In the first few runs the program may deliver a slightly random output since recommend_from_heuristic is used - the only function that is not deterministic.

The output in the first run is:

λ ~/dev/libmunin/ master* python examples/complex.py
The database:
  #0 ('Devildriver', 'Before the Hangmans Noose', 'metal')
  #1 ('Das Niveau', 'Beim Pissen gemeuchelt', 'folk')
  #2 ('We Butter the Bread with Butter', 'Extrem', 'metal')
  #3 ('Lady Gaga', 'Pokerface', 'pop')

-- No saved session found, loading new.
Recommendations to #2:
  normalized values:
    Artist : (1,)
    Genre  : ((194,),)
    Title  : ['Befor', 'the', 'Hangman', 'Noos']
  original values:
    Artist : Devildriver
    Album  : Before the Hangmans Noose
    Genre  : metal

  normalized values:
    Artist : (2,)
    Genre  : ((119,),)
    Title  : ['Beim', 'Pissen', 'gemeuchelt']
  original values:
    Artist : Das Niveau
    Album  : Beim Pissen gemeuchelt
    Genre  : folk

Playcounts:
  #0 was played 3x times
  #2 was played 2x times

And in the second run:

λ ~/dev/libmunin/ master* python examples/complex.py
The database:
  #0 ('Devildriver', 'Before the Hangmans Noose', 'metal')
  #1 ('Das Niveau', 'Beim Pissen gemeuchelt', 'folk')
  #2 ('We Butter the Bread with Butter', 'Extrem', 'metal')
  #3 ('Lady Gaga', 'Pokerface', 'pop')

Recommendations to #0:
  normalized values:
    Artist : (3,)
    Genre  : ((194,),)
    Title  : ['Extrem']
  original values:
    Artist : We Butter the Bread with Butter
    Album  : Extrem
    Genre  : metal

  normalized values:
    Artist : (2,)
    Genre  : ((119,),)
    Title  : ['Beim', 'Pissen', 'gemeuchelt']
  original values:
    Artist : Das Niveau
    Album  : Beim Pissen gemeuchelt
    Genre  : folk

  normalized values:
    Artist : (4,)
    Genre  : ((226,),)
    Title  : ['Pokerfac']
  original values:
    Artist : Lady Gaga
    Album  : Pokerface
    Genre  : pop

Playcounts:
  #0 was played 6x times
  #2 was played 4x times

In the 4th run we see another difference, libmunin developed an association rule from our history!

λ ~/dev/libmunin/ master* python examples/complex.py
The database:
  #0 ('Devildriver', 'Before the Hangmans Noose', 'metal')
  #1 ('Das Niveau', 'Beim Pissen gemeuchelt', 'folk')
  #2 ('We Butter the Bread with Butter', 'Extrem', 'metal')
  #3 ('Lady Gaga', 'Pokerface', 'pop')

Association Rules:
         [2] <-> [0]        [supp=    3, rating=0.65625]

Recommendations to #2:
  normalized values:
    Artist : (1,)
    Genre  : ((194,),)
    Title  : ['Befor', 'the', 'Hangman', 'Noos']
  original values:
    Artist : Devildriver
    Album  : Before the Hangmans Noose
    Genre  : metal

  normalized values:
    Artist : (2,)
    Genre  : ((119,),)
    Title  : ['Beim', 'Pissen', 'gemeuchelt']
  original values:
    Artist : Das Niveau
    Album  : Beim Pissen gemeuchelt
    Genre  : folk

Playcounts:
  #0 was played 15x times
  #2 was played 10x times

See also

Note

Later parts of this turorial will only give you a sneak-peek into the most importannt features.

Part 3: Loading a session

A Session can always be saved with it’s save method.

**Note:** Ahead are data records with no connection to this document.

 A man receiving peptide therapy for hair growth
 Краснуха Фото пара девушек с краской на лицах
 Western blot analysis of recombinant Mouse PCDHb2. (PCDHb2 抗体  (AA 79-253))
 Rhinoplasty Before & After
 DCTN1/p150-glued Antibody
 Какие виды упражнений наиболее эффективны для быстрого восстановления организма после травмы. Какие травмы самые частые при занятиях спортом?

Currently the saving is very simple in the respect that recursively all objects in the session are pickled and written to disk. The resulting pickle file is additionally zipped. You only pass the directory where to save the Session - if you do not specify one XDG_CACHE_HOME is used (which is, in most cases ~/.cache/).

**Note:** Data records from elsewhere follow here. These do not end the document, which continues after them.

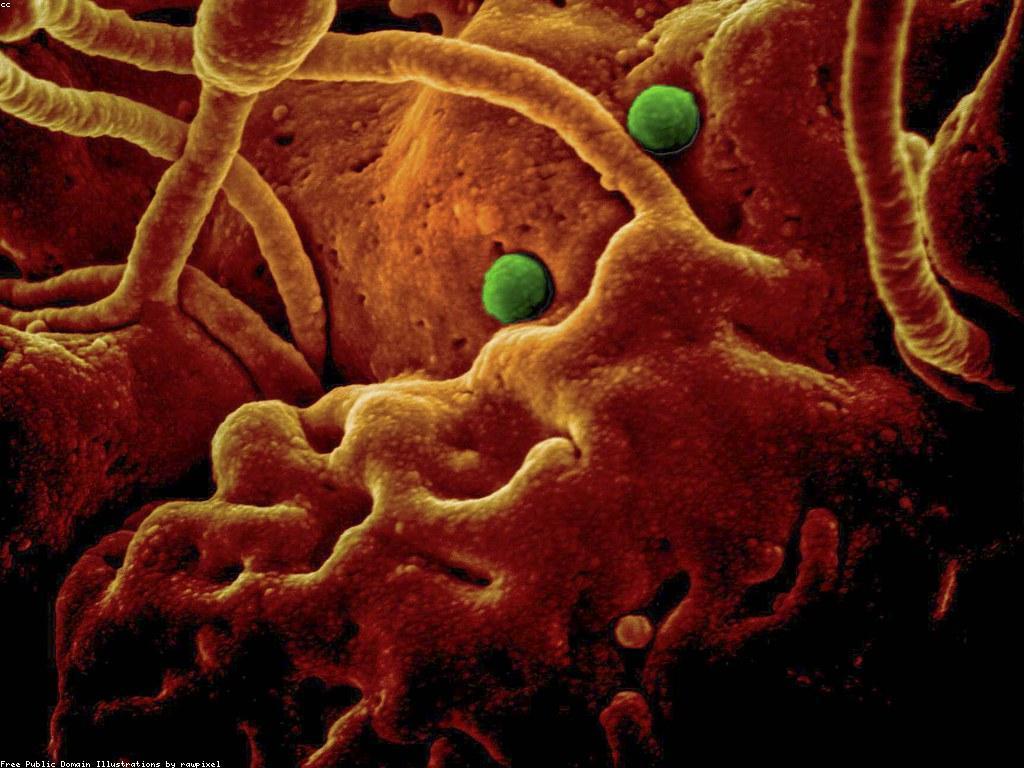 សារៈសំខាន់នៃការយល់ដឹងអំពីសុវត្ថិភាព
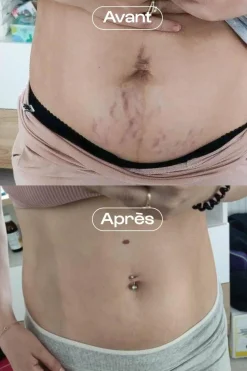 Concentré correcteur vergetures L’Expert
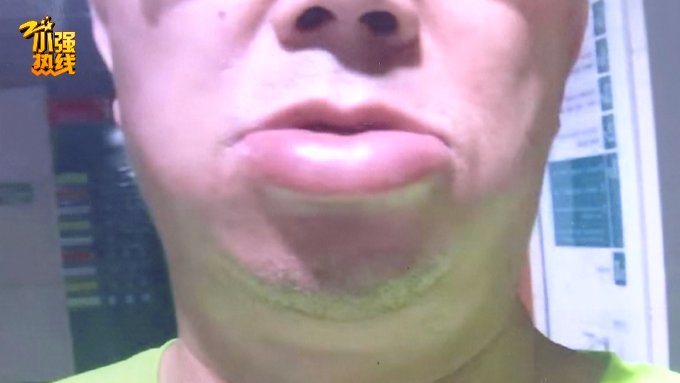 现代途胜|新车开了一个月，男子感觉要窒息：舌头比原来大了4倍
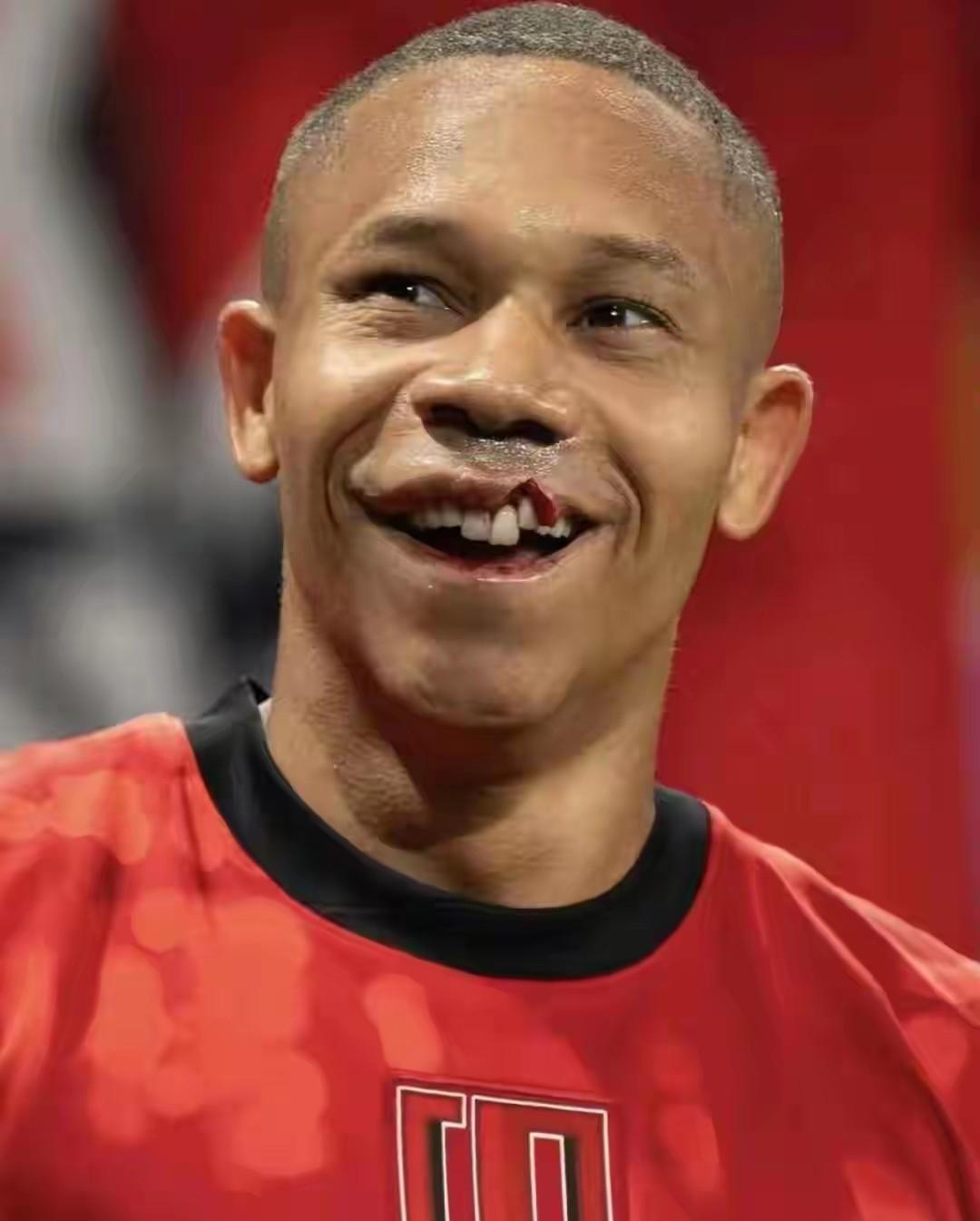 果然，姜至鹏的红牌引发争议，连“直播吧”也来站队，说老姜挥手非故意、力量不重、姜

But how can be load that thing again?

Well, if you chose to pass no path use Session.from_name(), if you didn’t specify the full path with Session.from_archive_path(). These staticmethods will unpickle the session object from disk. You can use this idiom:

>>> session = Session.from_name('moosecat') or create_session('moosecat')

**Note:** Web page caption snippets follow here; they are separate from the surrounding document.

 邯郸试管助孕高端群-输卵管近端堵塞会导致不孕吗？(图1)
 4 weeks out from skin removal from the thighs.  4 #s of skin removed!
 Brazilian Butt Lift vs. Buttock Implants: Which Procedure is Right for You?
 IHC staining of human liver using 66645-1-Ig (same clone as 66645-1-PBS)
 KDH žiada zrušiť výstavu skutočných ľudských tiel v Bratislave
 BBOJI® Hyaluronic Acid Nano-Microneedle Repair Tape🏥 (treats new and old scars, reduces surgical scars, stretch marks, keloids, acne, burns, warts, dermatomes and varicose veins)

Part 4: Mapping your songs to munin’s internal songs

Okay, I lied to you. session.mapping is no ordinary dict... it’s a bidict! Assuming we have a mapping like in our first example we can do something like this:

>>> session.mapping[0]  # get the database idx from the uid 0
>>> session.mapping[:0] # get the uid from the database idx 0
>>> session.mapping[0:] # same as the first.

Part 5: Getting recommendations

There are different methods to get recommendations that differ in details:

  • recommendations_from_seed(song, N)

    Get N recommendations from a certain song. There are some more details in Part 8.

  • recommendations_from_heuristic(N)

    Like above, but try to choose a good seed song in this order:

    1. Get the song from the rule with the globally best rating.
    2. Get the song with the highest playcount.
    3. If all that fails a random song is chosen.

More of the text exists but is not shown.